Uncertain Rules of Engagement in Cyberspace

Ellen Nakashima of the Washington Post, whose reporting on cybersecurity issues (including counterespionage and offensive computer network operations) is indispensible, had an extraordinary piece yesterday concerning an episode that occurred in 2008, and the impact it had on the process of crafting rules for cyberoperations.  She writes that NSA analysts detected a piece of malware (dubbed Agent.btz) residing on SIPRnet and JWICS, two networks used by the military and the Intelligence Community for classified communications.  The problem was resolved, but difficult questions arose as the same malware was located on various other networks, including networks that were in some sense located “in other countries.”  Specifically, debate took place as to whether it would be justified to conduct a computer network operation (“CNO”) to remove the malware off those other networks.  Here is how Nakashima summarizes the question:

Officials debated whether to use offensive tools to neutralize the malware on non-military networks, including those in other countries. The military’s offensive cyber unit...proposed some options for doing so.  Senior officials rejected them on the grounds that Agent.btz appeared to be an act of espionage, not an outright attack, and didn’t justify such an aggressive response, according to those familiar with the conversations. ... “You have the right of self-defense, but you don’t know how far you can carry it and under what circumstances, and in what places,” Cartwright said. “So for a commander who’s out there in a very ambiguous world looking for guidance, if somebody attacks them, are  they supposed to run? Can they respond?”

These events helped draw attention to the need for clearer rules regarding when, where, and how the military could conduct a variety of CNOs.  Nakashima reports that the first fruits of this effort, in 2009, was an attempt to craft an ExOrd (i.e., an Execute Order, providing standing rules governing a military operation) establishing “comprehensive rules of engagement” governing how the military could  respond to malware threats to privately-held systems within the US.  Nakashima writes that one proposal was to permit a responsive CNO, the following conditions would have to be met:

The provocation had to be hostile and directed at the United States, its critical infrastructure or citizens. It had to present the imminent likelihood of death, serious injury or damage that threatened national or economic security. The response had to be coordinated with  affected government agencies and combatant commanders. And it had to be limited to actions necessary to stop the attack, while minimizing impacts on non-military computers.

Nakashima writes that the effort failed in the face of opposition from other agencies:

The Justice Department feared setting a legal precedent for military action in domestic networks. The CIA resisted letting the military infringe on its foreign turf. The State Department worried the military would accidentally disrupt a server in a friendly country without  seeking consent, undermining future cooperation. The Department of Homeland Security, meanwhile, worked to keep its lead role in securing the nation against cyberthreats.

There was disagreement both with respect to threats emanating from abroad and from within the U.S.  As to the former, the difficulty in part stemmed from the likelihood that an attack might be routed through multiple servers physically located in an array of countries, thus potentially requiring a form of intrusion into the affairs of those countries.  As to the latter, Nakashima characterized the problem in these terms:

The questions were even more vexing when it came to potentially combating an attack launched from servers within the United States. The military has no authority to act in cyberspace when the networks are domestic — unless the operation is on its own systems.

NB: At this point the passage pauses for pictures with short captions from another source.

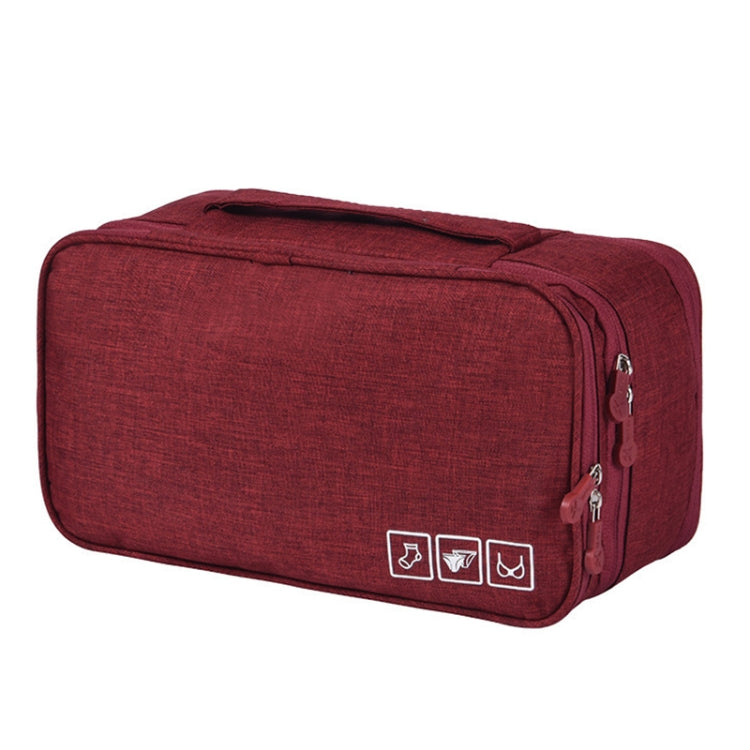 BH Unterwäsche Schubladen-Organizer Reise-Aufbewahrungsteiler Socken Slips Stoffkoffer Kleidung Kleiderschrank Box Tasche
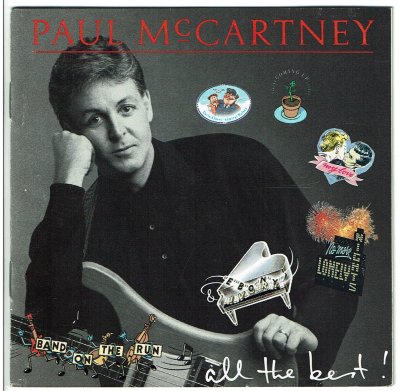 Album cover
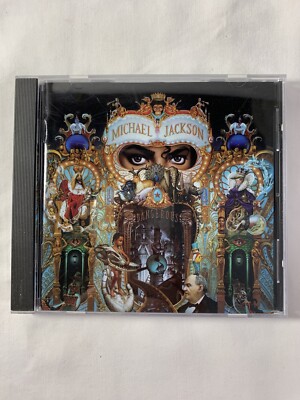 Jackson, Michael : Dangerous CD 74644540024| eBay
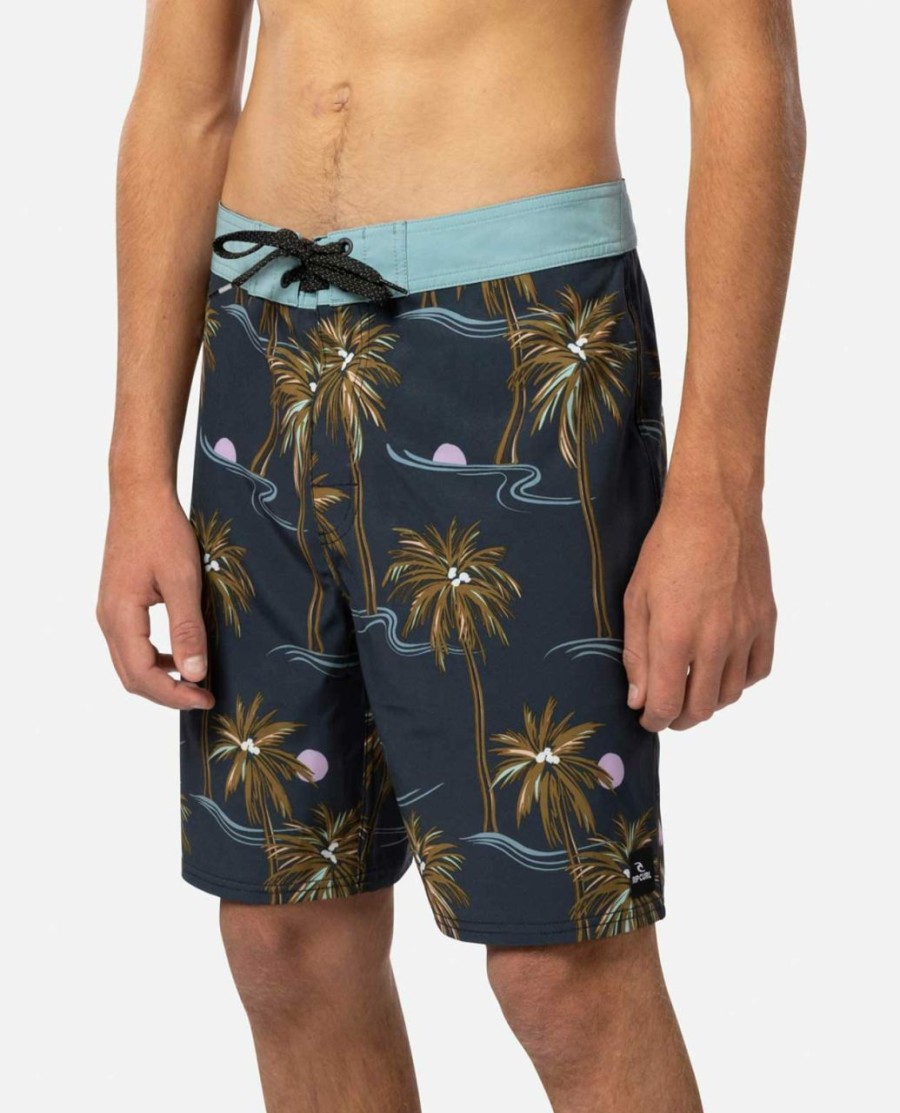 Men * | Clearance Mirage Palmy 19 Boardshort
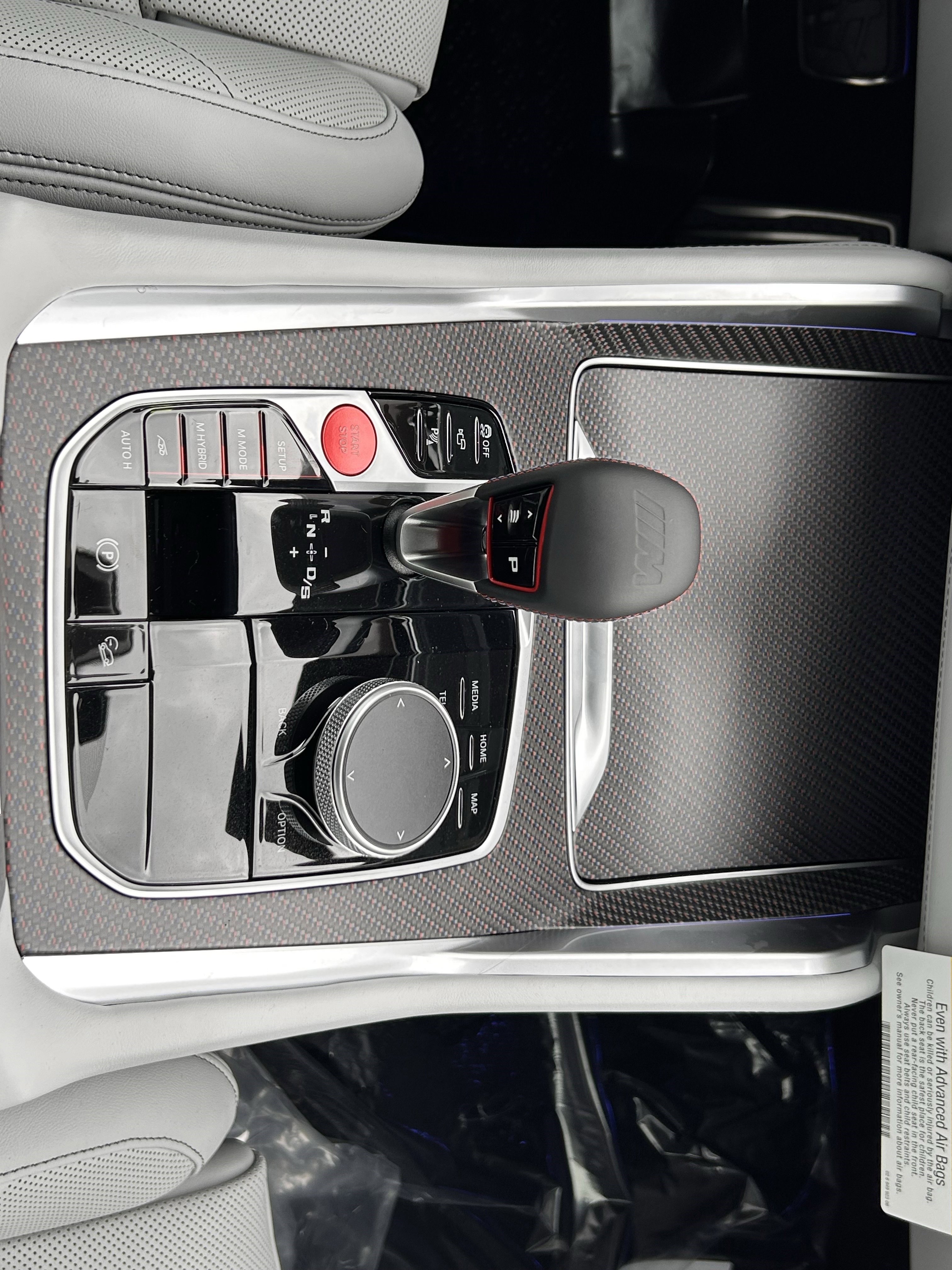 New 2026 BMW XM Label Red image 10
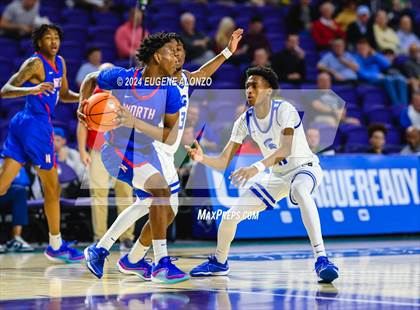 Thumbnail 3 in North Mecklenburg vs. Richmond Heights (City of Palms Classic) photogallery.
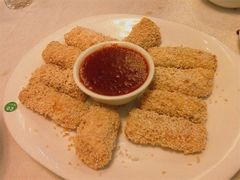 紙包豆腐-一品红川菜(皇岗店)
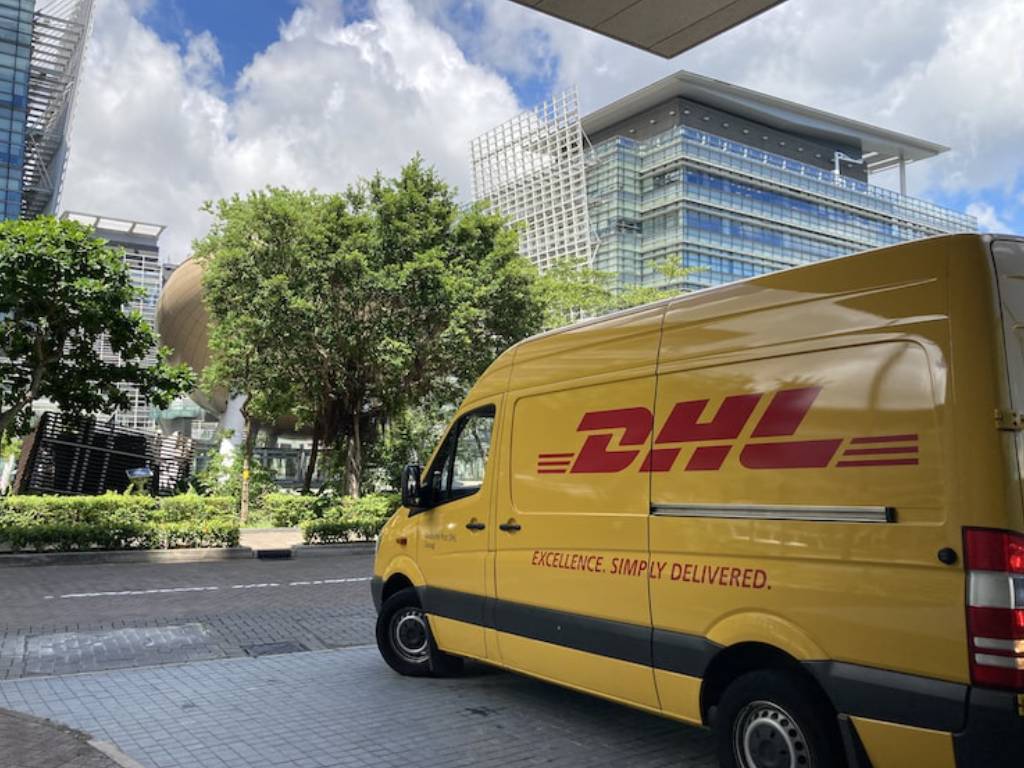 DHL Courier Chennai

The story concludes by depicting DOD and DHS as continuing to tussle over the domestic responsibility issue, with DOD lamenting that it cannot act at “network speed” to defend civilian networks, and DHS insisting that cyberspace “is fundamentally a civilian space.” The final paragraph indicates that an ExOrd was signed this February, offering only the following insight as to its contents as to domestic networks:

The standing rules of engagement limit the military to the defense of its own networks and do not allow it to go outside them without special permission from the president.

A few thoughts on all this:  First, we obviously are only getting an incomplete glimpse of the current rules, and so we need to be careful in drawing conclusions about what can and cannot currently be done.  Second, the article as a whole does a great job of conveying the difficulties associated with questions of geography/neutrality/sovereignty when it comes to CNOs.  It also draws attention to the not-so-clear line between cyberexploitation (ala conventional espionage) and a cyberattack, and the problems this can raise insofar as the latter would justify, legally, a different set of responses than the former.  The article also draws attention to the persistent problem of attribution in cyberspace, talking in detail about lingering uncertainty as to who might have been responsible for Agent.btz (new versions of which apparently still emerge frequently).  Finally, one issue that the article does not address, but that lurks beneath its surface, is the question of whether and how framing a CNO in terms of “Title 10” authority versus “Title 50” authority might matter. Nakashima’s work in this area is remarkable, and those interested in keeping up with these developments from an external perspective will of course want to follow her future reporting closely.